Our previous health insurance was a self-funded HMO.  It employed its own doctors, nurses, PACs, and had its own radiology, MSWs, dieticians.  Every six months I had to be reevaluated for a “med check” being on an anti-depressant. I would get a brief two-sided questionnaire.  One side was for the depression, suicidal thoughts and such.  The other side asked about anxiety.  It focused primarily on the level of worry one has, and on quality of sleep.  I never associated sleep quality with anxiety, and since I’m not a chronic worrier I ignored it. It seems their parameters and criteria were a bit lacking, and I should have paid more attention.
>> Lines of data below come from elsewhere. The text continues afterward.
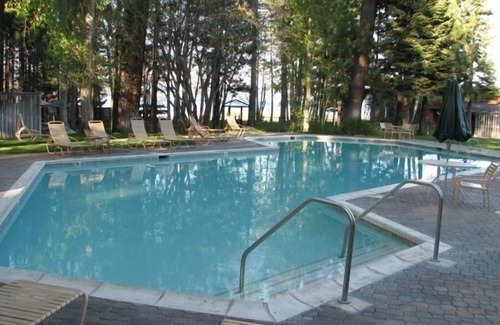 Tahoe Sierra Estates House | TAHOE LAKEFRONT + Walk to Tahoe City + Pier w/Buoys/Pool/Tennis/Pickleball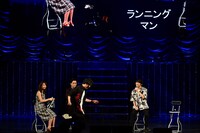 「されど罪人は竜と踊る」ステージの模様。ジェスチャーゲームをする細谷佳正と島崎信長。(c)浅井ラボ・小学館／「され竜」製作委員会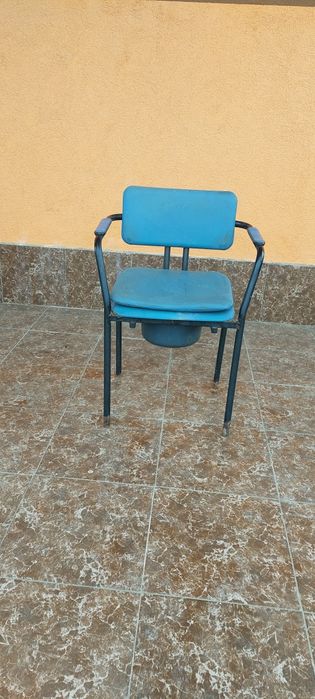 Scaun toaletă pentru persoane cu dizabilități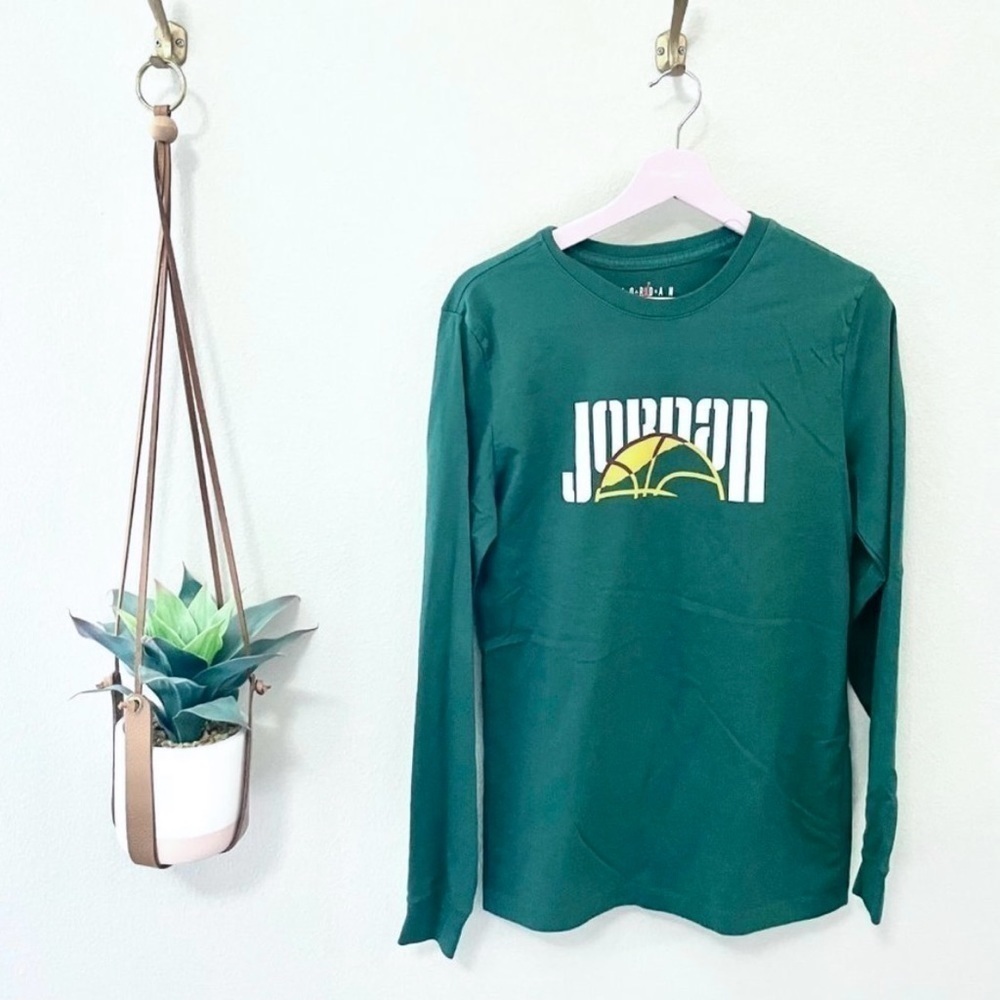 Nike Air Jordan Sport DNA Green Long Sleeve Top Size S DV7756-333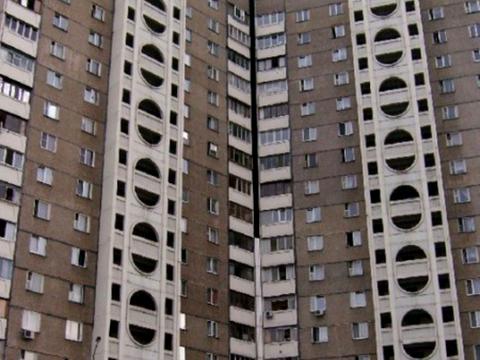 квартира за адресою Ревуцького вул., 4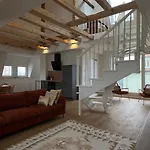 Апартаменты Modernes Maisonette-apartment Mit Terrasse I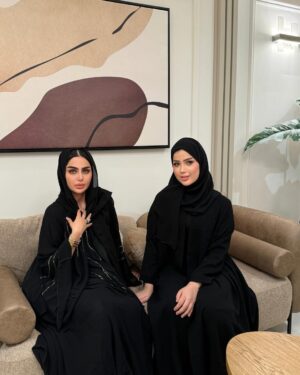 Shimaa Qasim Instagram - تحبون لمة الاقارب لو الاصدقاء..🌝🌙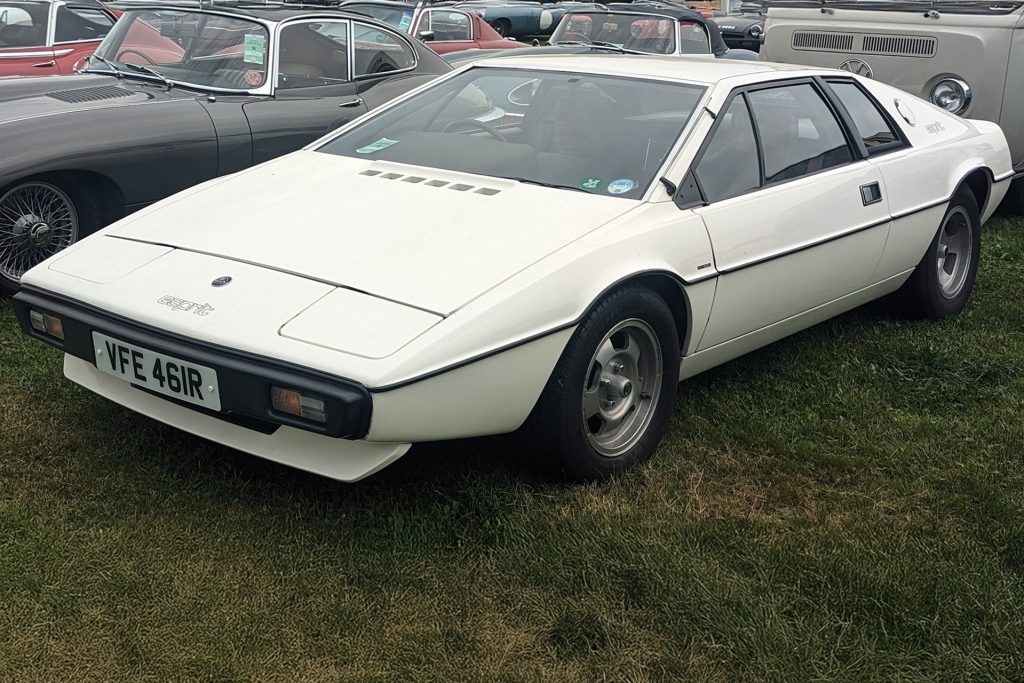 What the original Esprit S1 looked like in 1976. V cool.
Now I need to find a mental health professional to help navigate my new self diagnosis (because self-diagnoses are always accurate, right?).   Except I don’t have a primary care doctor because I lost that when the hubs changed jobs what with him being exclusive to that HMO. And we don’t have new insurance coverage — yet. And SugarBug needs more insulin; without insurance it is hundreds of dollars — per refill.

But I’m not going to worry. I’m not. Really. God’s got this.  And that’s why I don’t worry.  But I might suffer from some mild insomnia whilst clenching my teeth tonight. Deep breath, 2, 3, 4. Hold, 2, 3, 4. Exhale, 2, 3, 4, 5, 6, 6, 7, 8. Repeat.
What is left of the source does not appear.